There is a moment in the Christian life that almost nobody prepares you for.
It usually shows up around year ten, maybe fifteen. You are reading your Bible and nothing is happening. You are praying and it feels like talking to the ceiling. You go to church and it is the same song, the same lesson, the same twenty verses you have heard a hundred times. And there is this quiet, terrifying thought: is any of this still working?
Here is what I want you to know: it might not be working the way it used to. But that does not mean it is not working.
What Used to Fill You
When you were new, everything was electric. You read a verse and it leaped off the page. You worshipped and tears came. You prayed and you felt like God was right there. The newness of it, the freshness of it, it was like falling in love.
But here is the problem with falling in love: you cannot stay in it forever. The feelings do not sustain that height. And if your faith is built entirely on the feelings, when they leave, so does everything else.
The beginner stuff was never meant to be the destination. It was the doorway. Worship songs were supposed to lead you to something deeper, not be the thing itself. Bible reading was supposed to train you to hear God's voice, not just check a box. And prayer was supposed to teach you to abide, not just ask for things.

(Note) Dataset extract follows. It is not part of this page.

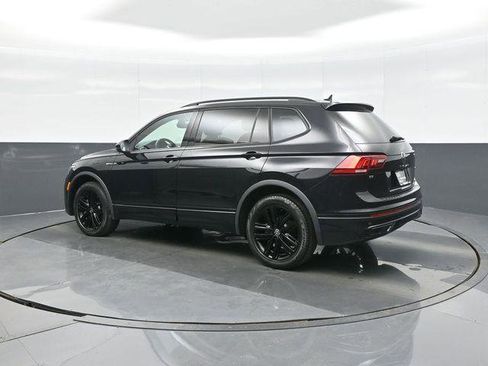 Used 2022 Volkswagen Tiguan SE R-Line image 5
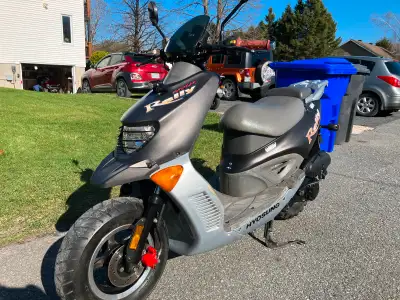 2005 Scooter hyosung rally sf50 ( jumeaux d'un Yamaha BWS) Scooter avec de gros pneus Excellent état...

The beginner stuff was never meant to be the destination. It was the doorway. And if you are still only at the doorway after fifteen years, something has gone wrong, or something has gone right and you did not follow it through.
The Crisis Nobody Names
This is the part no one talks about: when you grow, you lose things. You lose the simplicity. You lose the certainty. You lose the comfortable sense that you have it figured out.
Paul described it as putting away childish things. But nobody mentions that putting away childish things hurts. It is like taking off a coat you have worn so long you forgot it was not your skin.
You start asking questions you used to know the answers to. You start seeing problems in the church you used to just accept. You start doubting the things you used to be sure of. And it feels like losing your faith. But it might just be faith growing up.
"When I was a child, I spoke like a child, I thought like a child, I reasoned like a child. When I became a man, I put away childish things."
1 Corinthians 13:11What Comes Next
Here is the unexpected thing: the next stage is better. Not easier, but better. Deeper, richer, more real.
When the emotions leave, what is left is something sturdier: a relationship, not a feeling. When the simple answers stop satisfying, it is because you are ready for the complex ones. When church starts to feel small, it is because you have outgrown what that particular church offers, and that is okay.
The second half of faith is not about having less. It is about having different. It is about trading the high of new revelation for the steady burn of abiding. It is about knowing God, not just knowing about Him.
Jesus said the mature ones are the ones who learn to eat solid food, who have their senses trained to discern good and evil. That sounds like a promotion, not a problem.
The Twist
Here is what catches most people off guard: the thing that feels like it is killing your faith might be exactly what is saving it.
The songs do not move you anymore because you are not supposed to be moved by songs. You are supposed to be moved by the Spirit. The Bible feels flat because you are supposed to go deeper than the surface. The prayers feel empty because you are supposed to learn to just be with God, not always ask Him for things.
Try This
Instead of trying to get back the feelings you had when you were new, ask God to show you what the next stage looks like. Tell Him you are ready for more, even if more is harder. He has not abandoned you. He is doing something you cannot see yet.
You are not dying. You are becoming. And the becoming hurts, but it is supposed to.
Father, I feel like the beginner stuff has stopped working. Show me what comes next. I am ready for more, even if more is harder. Teach me to abide in You rather than chase feelings. In Jesus Name, Amen.